▸ RECORDS TO USE

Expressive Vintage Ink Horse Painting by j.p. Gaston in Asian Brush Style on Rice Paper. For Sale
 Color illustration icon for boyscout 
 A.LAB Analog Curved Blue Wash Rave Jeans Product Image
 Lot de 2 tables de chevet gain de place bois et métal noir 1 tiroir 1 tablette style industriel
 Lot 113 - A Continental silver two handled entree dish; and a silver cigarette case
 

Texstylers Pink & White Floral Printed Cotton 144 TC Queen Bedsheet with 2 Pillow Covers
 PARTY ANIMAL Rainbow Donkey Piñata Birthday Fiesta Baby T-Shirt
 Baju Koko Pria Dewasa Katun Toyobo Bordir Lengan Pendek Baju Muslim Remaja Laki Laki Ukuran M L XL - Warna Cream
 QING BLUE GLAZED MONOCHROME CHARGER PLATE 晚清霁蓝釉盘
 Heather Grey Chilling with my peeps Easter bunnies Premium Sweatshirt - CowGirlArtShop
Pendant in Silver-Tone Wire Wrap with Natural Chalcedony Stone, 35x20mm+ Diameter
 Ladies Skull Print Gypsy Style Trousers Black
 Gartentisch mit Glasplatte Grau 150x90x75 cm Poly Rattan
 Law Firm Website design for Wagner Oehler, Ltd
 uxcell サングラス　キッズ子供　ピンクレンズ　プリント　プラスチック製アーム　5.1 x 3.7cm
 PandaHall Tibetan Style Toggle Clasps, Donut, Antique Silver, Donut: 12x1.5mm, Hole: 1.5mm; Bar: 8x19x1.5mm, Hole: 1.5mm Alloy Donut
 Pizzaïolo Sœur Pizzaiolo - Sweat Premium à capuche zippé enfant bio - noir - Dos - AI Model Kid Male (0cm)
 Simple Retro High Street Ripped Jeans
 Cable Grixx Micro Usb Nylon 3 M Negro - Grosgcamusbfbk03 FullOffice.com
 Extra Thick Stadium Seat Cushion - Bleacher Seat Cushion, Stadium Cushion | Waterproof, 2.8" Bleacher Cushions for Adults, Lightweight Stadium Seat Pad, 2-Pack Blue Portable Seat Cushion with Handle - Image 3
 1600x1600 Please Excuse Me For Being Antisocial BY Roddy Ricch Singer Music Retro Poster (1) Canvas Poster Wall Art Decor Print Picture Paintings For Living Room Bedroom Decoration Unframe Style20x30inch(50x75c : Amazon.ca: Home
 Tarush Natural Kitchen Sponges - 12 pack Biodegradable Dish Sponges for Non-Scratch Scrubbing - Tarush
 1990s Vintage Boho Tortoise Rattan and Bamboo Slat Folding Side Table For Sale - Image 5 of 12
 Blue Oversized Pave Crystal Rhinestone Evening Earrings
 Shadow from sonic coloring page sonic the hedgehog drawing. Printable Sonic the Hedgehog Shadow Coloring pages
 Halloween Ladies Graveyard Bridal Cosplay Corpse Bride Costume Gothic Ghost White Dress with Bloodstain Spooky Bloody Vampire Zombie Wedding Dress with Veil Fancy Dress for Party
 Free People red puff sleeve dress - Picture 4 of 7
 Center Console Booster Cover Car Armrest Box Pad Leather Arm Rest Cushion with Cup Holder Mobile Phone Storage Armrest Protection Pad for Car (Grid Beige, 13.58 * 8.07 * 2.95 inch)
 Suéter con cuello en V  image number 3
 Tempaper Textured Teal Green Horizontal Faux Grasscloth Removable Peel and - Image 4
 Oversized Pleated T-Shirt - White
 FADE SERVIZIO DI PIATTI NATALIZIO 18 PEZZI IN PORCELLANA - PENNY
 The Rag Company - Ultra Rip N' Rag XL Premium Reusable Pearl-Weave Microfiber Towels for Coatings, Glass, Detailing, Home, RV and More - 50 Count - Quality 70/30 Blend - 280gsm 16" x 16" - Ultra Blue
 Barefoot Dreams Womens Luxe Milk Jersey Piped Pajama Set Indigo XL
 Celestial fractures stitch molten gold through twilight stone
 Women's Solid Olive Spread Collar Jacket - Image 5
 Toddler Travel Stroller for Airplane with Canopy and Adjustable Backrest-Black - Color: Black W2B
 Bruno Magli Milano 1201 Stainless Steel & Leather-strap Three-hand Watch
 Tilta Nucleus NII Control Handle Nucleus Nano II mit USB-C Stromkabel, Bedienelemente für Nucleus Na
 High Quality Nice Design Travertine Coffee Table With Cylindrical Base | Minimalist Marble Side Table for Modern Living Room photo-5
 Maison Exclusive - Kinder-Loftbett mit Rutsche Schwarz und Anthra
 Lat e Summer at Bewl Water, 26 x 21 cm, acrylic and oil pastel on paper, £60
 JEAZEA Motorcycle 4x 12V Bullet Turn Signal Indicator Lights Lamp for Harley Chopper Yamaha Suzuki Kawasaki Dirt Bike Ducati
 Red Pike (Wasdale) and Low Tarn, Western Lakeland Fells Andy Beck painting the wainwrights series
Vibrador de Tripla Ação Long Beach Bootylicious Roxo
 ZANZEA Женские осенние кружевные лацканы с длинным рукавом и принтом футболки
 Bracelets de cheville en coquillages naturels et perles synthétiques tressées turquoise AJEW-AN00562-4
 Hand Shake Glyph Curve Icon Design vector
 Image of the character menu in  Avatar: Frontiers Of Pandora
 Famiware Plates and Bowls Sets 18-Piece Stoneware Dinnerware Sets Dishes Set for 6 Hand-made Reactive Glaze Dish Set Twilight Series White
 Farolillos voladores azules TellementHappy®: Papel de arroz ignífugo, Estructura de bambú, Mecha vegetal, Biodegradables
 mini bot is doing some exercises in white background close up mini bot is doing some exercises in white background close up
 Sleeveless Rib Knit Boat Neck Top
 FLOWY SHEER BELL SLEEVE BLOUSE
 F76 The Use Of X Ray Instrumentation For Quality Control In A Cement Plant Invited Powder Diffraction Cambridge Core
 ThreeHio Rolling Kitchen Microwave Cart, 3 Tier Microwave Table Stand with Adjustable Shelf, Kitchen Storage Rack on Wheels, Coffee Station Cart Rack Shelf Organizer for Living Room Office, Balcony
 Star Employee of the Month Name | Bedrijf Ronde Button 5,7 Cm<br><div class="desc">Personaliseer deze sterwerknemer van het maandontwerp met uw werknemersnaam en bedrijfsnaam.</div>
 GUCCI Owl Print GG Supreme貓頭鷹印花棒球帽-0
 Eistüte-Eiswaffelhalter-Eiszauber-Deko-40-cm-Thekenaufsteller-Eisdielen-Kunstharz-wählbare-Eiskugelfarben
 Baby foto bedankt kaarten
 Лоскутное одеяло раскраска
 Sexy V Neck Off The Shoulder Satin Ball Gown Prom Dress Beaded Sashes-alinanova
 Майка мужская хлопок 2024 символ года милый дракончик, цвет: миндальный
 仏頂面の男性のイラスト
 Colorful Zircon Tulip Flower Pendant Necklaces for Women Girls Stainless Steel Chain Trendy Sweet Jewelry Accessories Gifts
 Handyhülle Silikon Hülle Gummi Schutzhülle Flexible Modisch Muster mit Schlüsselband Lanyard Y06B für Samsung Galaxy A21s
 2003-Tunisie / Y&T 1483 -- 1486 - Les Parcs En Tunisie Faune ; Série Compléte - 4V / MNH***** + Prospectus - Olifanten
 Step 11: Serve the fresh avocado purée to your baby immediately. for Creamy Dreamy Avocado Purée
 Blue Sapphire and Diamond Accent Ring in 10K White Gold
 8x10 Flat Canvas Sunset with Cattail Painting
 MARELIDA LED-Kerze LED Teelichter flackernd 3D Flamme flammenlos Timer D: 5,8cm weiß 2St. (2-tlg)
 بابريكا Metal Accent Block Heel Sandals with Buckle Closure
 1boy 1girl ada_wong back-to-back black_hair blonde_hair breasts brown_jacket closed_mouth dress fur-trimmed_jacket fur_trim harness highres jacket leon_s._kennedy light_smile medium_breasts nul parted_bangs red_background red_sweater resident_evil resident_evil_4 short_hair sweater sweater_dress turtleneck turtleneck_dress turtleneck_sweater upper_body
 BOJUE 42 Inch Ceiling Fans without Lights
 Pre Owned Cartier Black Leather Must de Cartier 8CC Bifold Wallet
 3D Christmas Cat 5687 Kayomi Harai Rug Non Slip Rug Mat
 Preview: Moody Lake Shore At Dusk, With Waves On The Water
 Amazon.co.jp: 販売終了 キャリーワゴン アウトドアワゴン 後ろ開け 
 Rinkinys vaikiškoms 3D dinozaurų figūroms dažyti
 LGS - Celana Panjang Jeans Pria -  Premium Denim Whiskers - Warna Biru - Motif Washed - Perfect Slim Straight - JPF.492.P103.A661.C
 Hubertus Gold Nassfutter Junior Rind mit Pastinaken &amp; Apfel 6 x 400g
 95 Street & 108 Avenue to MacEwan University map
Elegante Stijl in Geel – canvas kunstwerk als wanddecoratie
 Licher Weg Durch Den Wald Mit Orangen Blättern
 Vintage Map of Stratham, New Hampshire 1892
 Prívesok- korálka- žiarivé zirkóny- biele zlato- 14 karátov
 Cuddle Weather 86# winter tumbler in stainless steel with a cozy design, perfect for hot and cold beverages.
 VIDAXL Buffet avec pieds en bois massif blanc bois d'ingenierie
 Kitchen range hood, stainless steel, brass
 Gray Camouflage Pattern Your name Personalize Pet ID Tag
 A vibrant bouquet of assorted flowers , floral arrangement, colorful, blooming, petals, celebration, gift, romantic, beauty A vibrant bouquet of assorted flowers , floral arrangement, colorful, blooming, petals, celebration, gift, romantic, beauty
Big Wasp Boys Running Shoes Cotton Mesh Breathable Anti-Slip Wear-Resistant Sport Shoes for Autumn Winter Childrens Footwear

▸ REQUIRED WORK
Everything in the material above from the line that has "1990s Vintage Boho" through the line that has "Suéter con cuello" must be duplicated exactly, with no other lines given.

▸ TASK RESPONSE
 1990s Vintage Boho Tortoise Rattan and Bamboo Slat Folding Side Table For Sale - Image 5 of 12
 Blue Oversized Pave Crystal Rhinestone Evening Earrings
 Shadow from sonic coloring page sonic the hedgehog drawing. Printable Sonic the Hedgehog Shadow Coloring pages
 Halloween Ladies Graveyard Bridal Cosplay Corpse Bride Costume Gothic Ghost White Dress with Bloodstain Spooky Bloody Vampire Zombie Wedding Dress with Veil Fancy Dress for Party
 Free People red puff sleeve dress - Picture 4 of 7
 Center Console Booster Cover Car Armrest Box Pad Leather Arm Rest Cushion with Cup Holder Mobile Phone Storage Armrest Protection Pad for Car (Grid Beige, 13.58 * 8.07 * 2.95 inch)
 Suéter con cuello en V  image number 3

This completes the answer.